Maria Skobtsova was executed in a gas chamber in 1945, just a week before the concentration camp was liberated by Soviet troops.

In 1985, Mother Maria was honored with the honorific “Righteous Among the Nations.” 19 years later she was canonized as a saint by the Ecumenical Patriarchate of Constantinople.

‘Our Moses’

Nikolay Kiselev was given little time to fight as a regular soldier during WWII. During the first months of the war, his division was encircled, and he himself became a POW. However, Kiselev managed to flee and join a partisan unit known as “Avenger,” which had been operating in Belarus.

In summer 1942, Nikolay received an impossible order - to lead a group of 270 Jews, mostly women, children and old men almost 1500 km eastwards to the Soviet lines. That was all that was left from the pre-war 5,000 Jewish population of the local Dolginovo village.

Accompanied by just six armed partisans, Kiselev started his exhausting march through impregnable forests and swamps, avoiding German positions and enemy ambushes, suffering from hunger and tiredness.

Approaching the front lines, the path became more dangerous. One three-year-old girl Bertha was crying all the time, and this risked attracting enemy attention. The girl’s parents were so desperate that they were going to drown her to save the whole group. Bertha was saved by Nikolay, who took her in his arms and calmed her down.

In October 1942, after a three-month march, the group of half-dead exhausted people reached the Soviet troops. Of the 270 people who left the forests near Dolginovo in August, 218 were saved by Nikolay Kiselev.

Kiselev saw the end of the war and died in 1974. 31 years later he was proclaimed as Righteous Among the Nations. What’s more, over 3000 descendents of those 270 Jews continue to honour his memory and call him “Our Moses.”

‘Whoever saves one life saves the entire world’

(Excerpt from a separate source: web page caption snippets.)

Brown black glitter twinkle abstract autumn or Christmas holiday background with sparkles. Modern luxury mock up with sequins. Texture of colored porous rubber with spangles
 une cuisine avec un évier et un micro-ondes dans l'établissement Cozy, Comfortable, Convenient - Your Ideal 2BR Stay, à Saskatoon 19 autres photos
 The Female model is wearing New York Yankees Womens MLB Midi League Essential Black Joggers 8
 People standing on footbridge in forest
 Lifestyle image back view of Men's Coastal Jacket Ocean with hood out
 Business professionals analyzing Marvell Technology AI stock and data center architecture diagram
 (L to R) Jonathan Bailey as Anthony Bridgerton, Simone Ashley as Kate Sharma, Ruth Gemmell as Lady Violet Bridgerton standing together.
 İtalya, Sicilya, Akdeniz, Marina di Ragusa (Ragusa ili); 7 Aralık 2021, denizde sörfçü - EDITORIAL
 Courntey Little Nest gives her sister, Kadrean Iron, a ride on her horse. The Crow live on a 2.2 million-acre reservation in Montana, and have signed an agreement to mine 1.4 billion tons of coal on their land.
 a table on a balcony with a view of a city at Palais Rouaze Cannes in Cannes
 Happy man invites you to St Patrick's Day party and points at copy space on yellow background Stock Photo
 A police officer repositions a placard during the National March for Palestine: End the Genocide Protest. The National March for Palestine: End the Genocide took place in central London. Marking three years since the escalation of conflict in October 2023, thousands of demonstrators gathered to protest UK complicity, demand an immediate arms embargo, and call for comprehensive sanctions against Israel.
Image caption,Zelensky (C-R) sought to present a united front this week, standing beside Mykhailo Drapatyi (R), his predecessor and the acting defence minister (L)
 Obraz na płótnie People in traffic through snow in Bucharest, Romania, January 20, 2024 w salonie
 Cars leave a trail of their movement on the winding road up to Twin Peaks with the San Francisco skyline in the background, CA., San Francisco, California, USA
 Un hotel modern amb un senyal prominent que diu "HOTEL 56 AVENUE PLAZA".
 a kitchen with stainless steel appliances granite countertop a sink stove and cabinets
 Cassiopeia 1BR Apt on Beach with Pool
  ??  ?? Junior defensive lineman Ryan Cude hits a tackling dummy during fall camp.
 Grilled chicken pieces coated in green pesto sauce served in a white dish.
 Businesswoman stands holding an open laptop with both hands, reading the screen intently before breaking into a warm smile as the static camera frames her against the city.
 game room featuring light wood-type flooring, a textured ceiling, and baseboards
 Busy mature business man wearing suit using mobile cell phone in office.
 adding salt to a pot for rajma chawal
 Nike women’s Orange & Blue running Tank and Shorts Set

In 1942, 15-year-old Fyodor Mikhailichenko from Rostov-on-Don was sent to Germany as a forced laborer. There, however, he began to spread anti-Nazi propaganda, and was sent to Buchenwald concentration camp.

Two years later, a seven-year-old Jewish boy from Poland appeared at Buchenwald. Absolutely defenseless, Yurchik was condemned to die soon, if not for Fyodor.

Fyodor Mikhailichenko took Yurchik under his wing: protected, stole potatoes from the kitchen to feed the boy, and made him clothes from the robes of dead prisoners to keep him from the cold.

Unfortunately, after the liberation of the camp, the paths of the two friends diverged: Fyodor returned to Rostov-on-Don, while Yurchik was sent to Mandatory Palestine.

The saved Jewish boy, who later became the Ashkenazi Chief Rabbi of Israel and Chief Rabbi of Tel Aviv, never forgot his savior and spent his life trying to find him. Yisrael Meir Lau (the self-same Yurchik) traced Fyodor just several years after he died in 1993.

In 2009, Fyodor Mikhailichenko was honored as Righteous Among the Nations. Lau attended the ceremony and said to Fyodor’s two daughters: “Now his name belongs not only to us, but to the whole of mankind.”